¿Por qué escribo o para qué?

¿Por qué escribo o para qué? Creo que escribo porque no me gusta hacer otra cosa, a decir verdad, no me da la santísima gana de hacer otra cosa. Escribir y leer son pasiones que a veces pueden ser terribles, claro, ésta es mi opinión. En mi caso es terrible porque tengo que compartirlas con la fregadera de platos que, pareciera se reproducen solos en el fregador. Atender el teléfono cincuenta veces diarias (sí, esta casa parece una oficina de empleo todo el mundo llama). Hay que trabajar, a juro y porque sí, y, por si fuera poco limpiar la casa. Todas esas obligaciones tan domésticas, tan mansitas, tan comunes, resultan devastadoras cuando se tiene un proyecto literario, es peor cuando ese proyecto ya tiene nombre y forma.

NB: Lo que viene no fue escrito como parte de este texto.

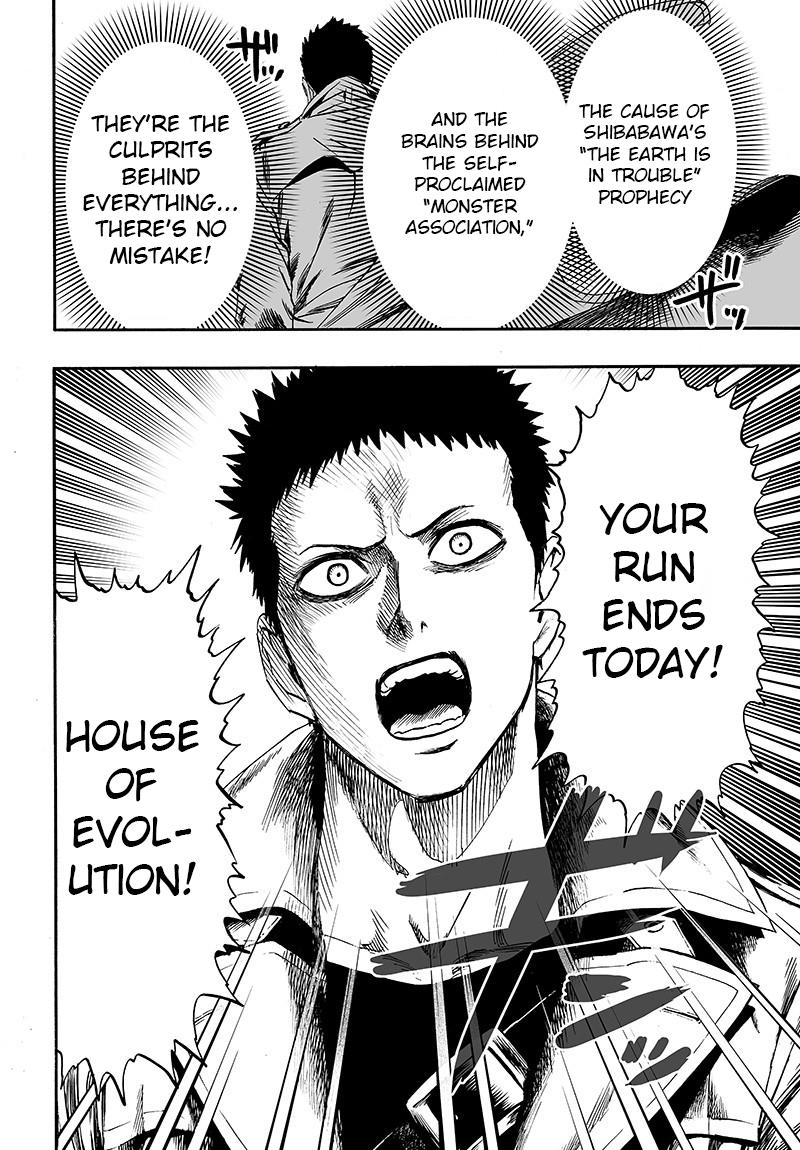 One Punch Man, Chapter 88 image 28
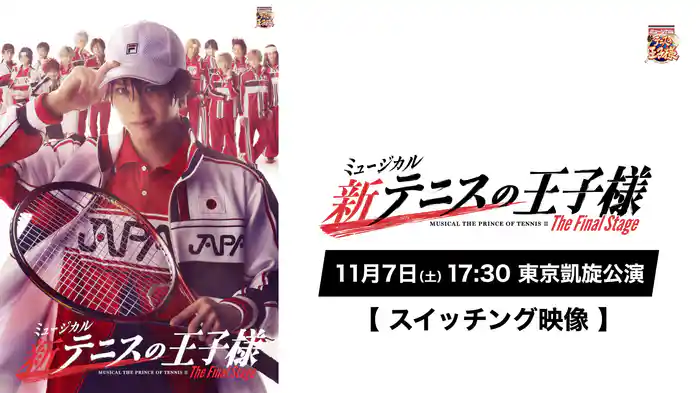 「ミュージカル『新テニスの王子様』The Final Stage」11月7日(土)17:30 東京凱旋公演【スイッチング映像】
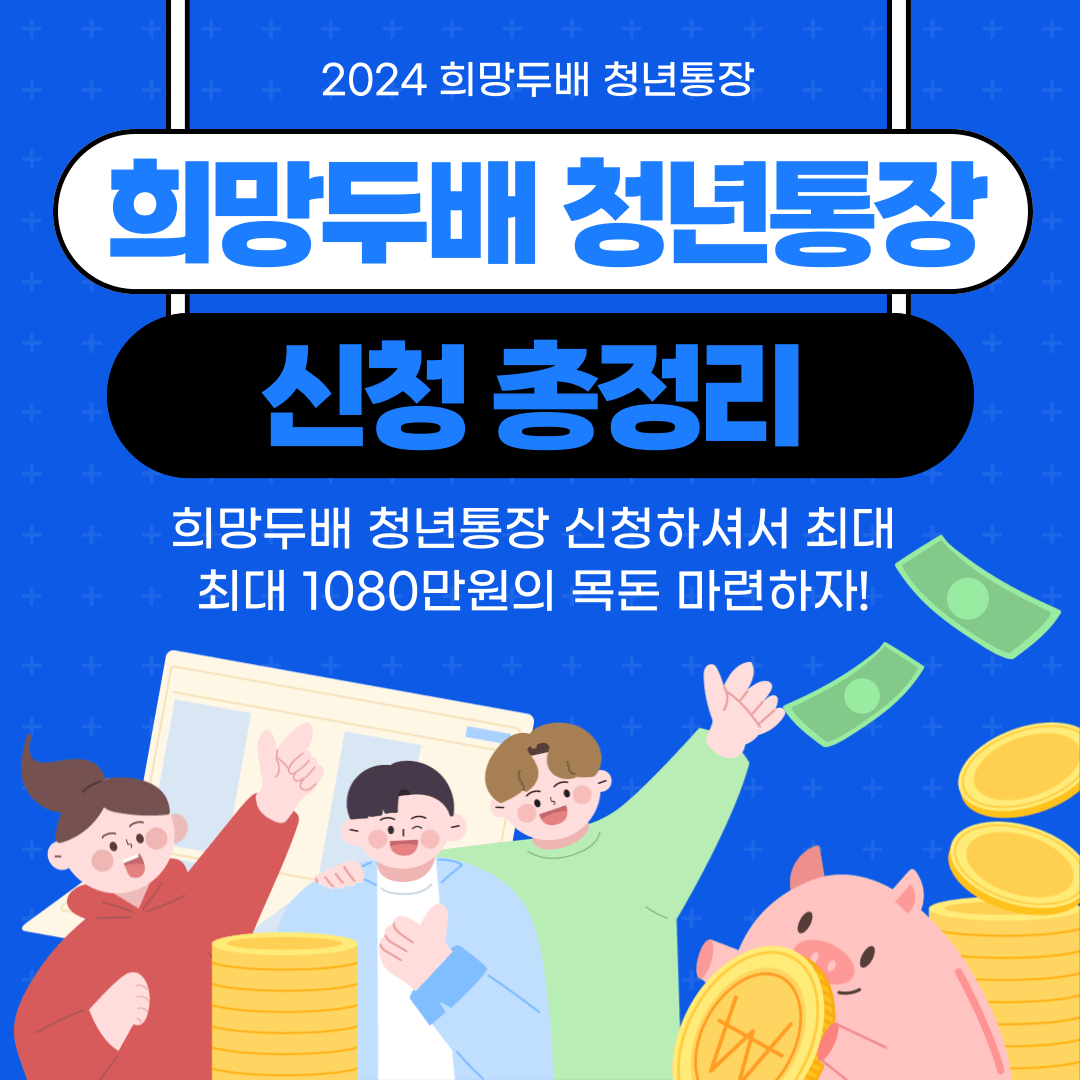 2024 희망두배 청년통장 신청기간 신청방법 신청대상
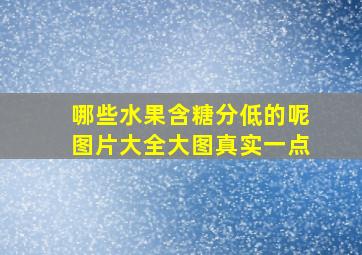 哪些水果含糖分低的呢图片大全大图真实一点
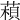 𦹶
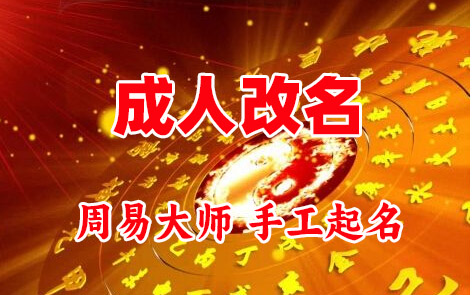 农安成人改名-找大师一对一改名先分析后改名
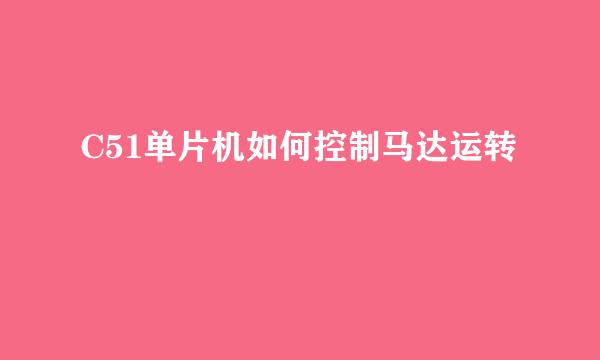 C51单片机如何控制马达运转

Es peor porque ya ese proyecto está dando sus primeros pinitos, y hay que dejarlo solo para abrir la puerta y calarse a las señoras del condominio, a los testigos de Jehovah, o, a los vendedores de chancletas. Entonces, la rabia se transforma en depre, y a los días en frustración, y después en algo peor: en silencio, en largos lapsos en que no se acierta con ninguna idea, es como si de pronto la mente o lo que sea, quedara vaciada de palabras y ya no hay nada que decir, no hay nada que escribir, y la angustia empieza a tejer su nido en el pecho y en las manos que no son capaces de escribir un carajo.